Nesta semana, houve o segundo debate da corrida presidencial dos Estados Unidos da América. A oportunidade foi o primeiro momento de ver, publicamente, a desenvoltura da recém-nomeada cabeça de chapa, Kamala Harris, após o desembarque de Joe Biden do pleito para 2025. Abordados sobre a questão das mudanças climáticas, pauta na ordem do dia para convencer jovens a irem às urnas, os candidatos tiveram posturas curiosas.
Donald Trump não rechaçou a existência das mudanças climáticas, não obstante afirmou que as emissões pelos sistemas humanos são apenas uma das várias causas delas – sem elaborar quais seriam as outras. Questionado especificamente sobre o que faria para combater as mudanças climáticas, Trump alegou que caso Harris seja eleita seria o fim do “óleo e do gás” (fóssil). Disse ser um grande fã da energia solar, mas que fazendas solares ocupam imensas áreas de solo, que são fundamentais para o meio ambiente que Harris tanto defende.
Com os subterfúgios discursivos que são característicos de Trump, não houve surpresas. O que é chamado à baila é o posicionamento de Harris. Diante da mesma pergunta norteadora, a candidata democrata defendeu que o custo da inação já demonstra seu peso contábil na realidade das famílias que precisam de se adaptar às constantes tragédias advindas de eventos extremos e que as mudanças climáticas são uma ameaça existencial para as pessoas. Leitura correta e que denota capacidade analítica da realidade material por parte de sua equipe.
Em sequência, Harris afirmou que está satisfeita com o apoio dos maiores sindicatos automobilísticos dos EUA para a construção de uma “economia de energia limpa”. Ainda, que essa economia será construída com tecnologia estadunidense e com produtos estadunidenses para que sejam abertas cada vez mais fábricas verdes e não haja arrefecimento econômico enquanto fazem transicionar a economia rumo ao “futuro limpo”.

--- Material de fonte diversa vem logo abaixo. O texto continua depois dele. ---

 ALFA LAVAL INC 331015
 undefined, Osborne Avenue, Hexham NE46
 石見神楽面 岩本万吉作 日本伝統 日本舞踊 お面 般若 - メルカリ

Uma vez que o nível das respostas confirma as impressões de que as mudanças climáticas não estão no centro destas eleições estadunidenses, aqui há um ponto curioso: a defesa do protecionismo verde por parte dos democratas. Países industrializados recorreram às medidas protecionistas durante inúmeros momentos de inovação tecnológica e de defesa comercial desde a Segunda Revolução Industrial (1870-1914), estaríamos, então, diante de uma latente renascença antiliberal em nome da defesa comercial dos produtos da transição ao netzero?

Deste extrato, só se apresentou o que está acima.